Un círculo de magos guerreros formó a su alrededor. La observaron con la sorpresa dibujada en la mirada. Al principio Tanalasta no pudo imaginar por qué razón estaban tan sorprendidos, y entonces recordó que tanto sus pechos como su barriga abultaban más de lo normal, eso por no mencionar la línea oscura que surcaba la mitad del abdomen. Owden colocó las manos sobre la mordedura de la serpiente y formuló un hechizo; la magia curativa de Chauntea inundó de calidez su pecho, y recorrió sus venas en persecución del veneno de la serpiente.

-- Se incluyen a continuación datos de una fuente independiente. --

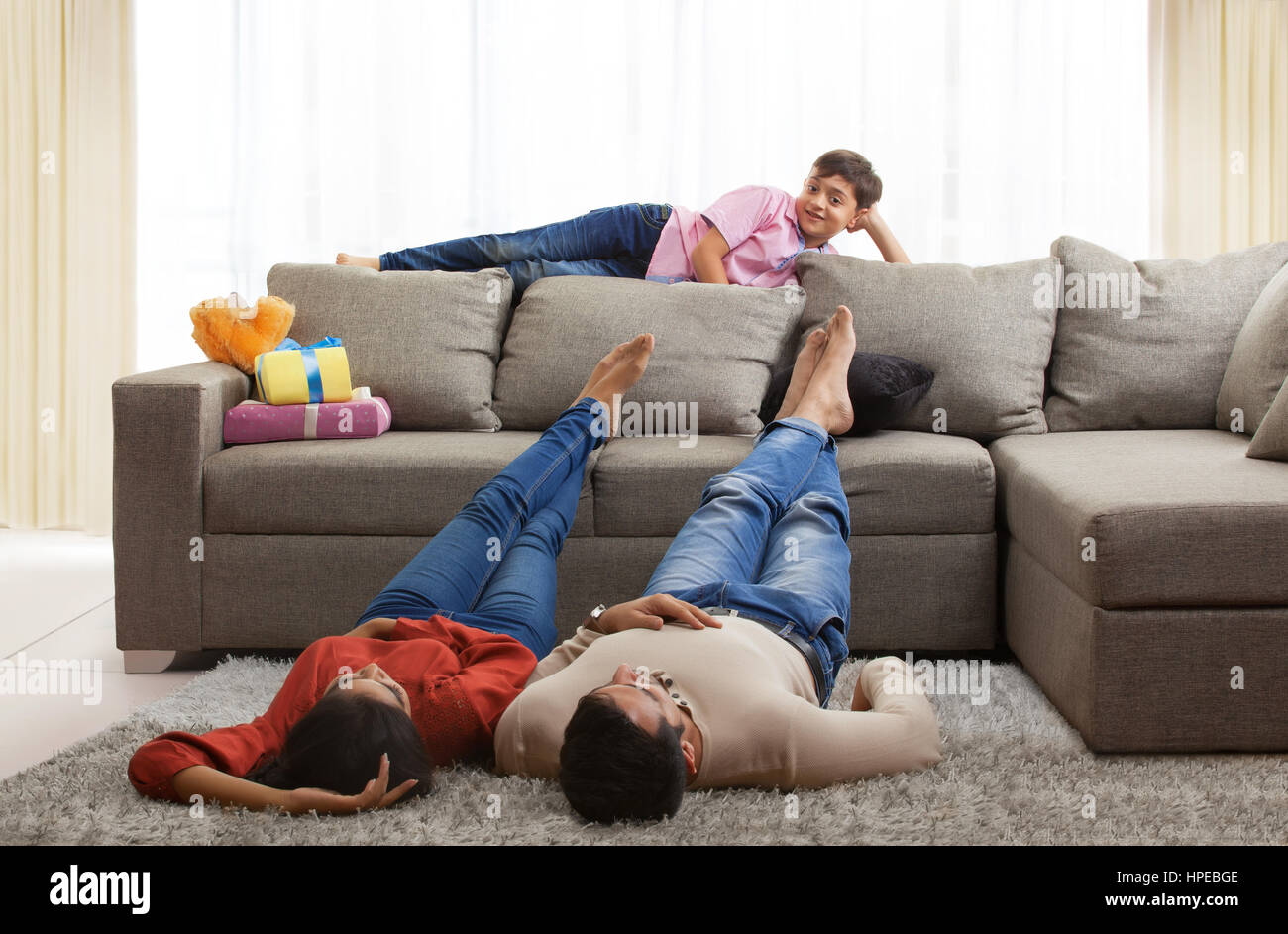 Young couple sleeping on sofa hires stock photography and images Alamy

Entonces apareció una docena de Dragones Púrpura; y abrieron los ojos desmesuradamente al observar que estaba embarazada. Más despejada, Tanalasta tanteó en busca de la ropa hecha jirones, pero descubrió que estaba demasiado débil como para ponerla sobre el abdomen. Alaphondar apareció a su lado, dispuesto a dispersar a todos los que formaban en corro, acusándolos de abandonar a los compañeros que se habían empeñado en el combate.

Cuando se apartaron ante las palabras del sabio, la reina Filfaeril irrumpió en el corro y vio a Tanalasta tumbada en el suelo. La reina abrió unos ojos como platos. Observó el rostro de su hija, después su barriga, de nuevo su rostro, y, finalmente, reparó en la sangre rosácea que teñía las palmas de las manos de Owden.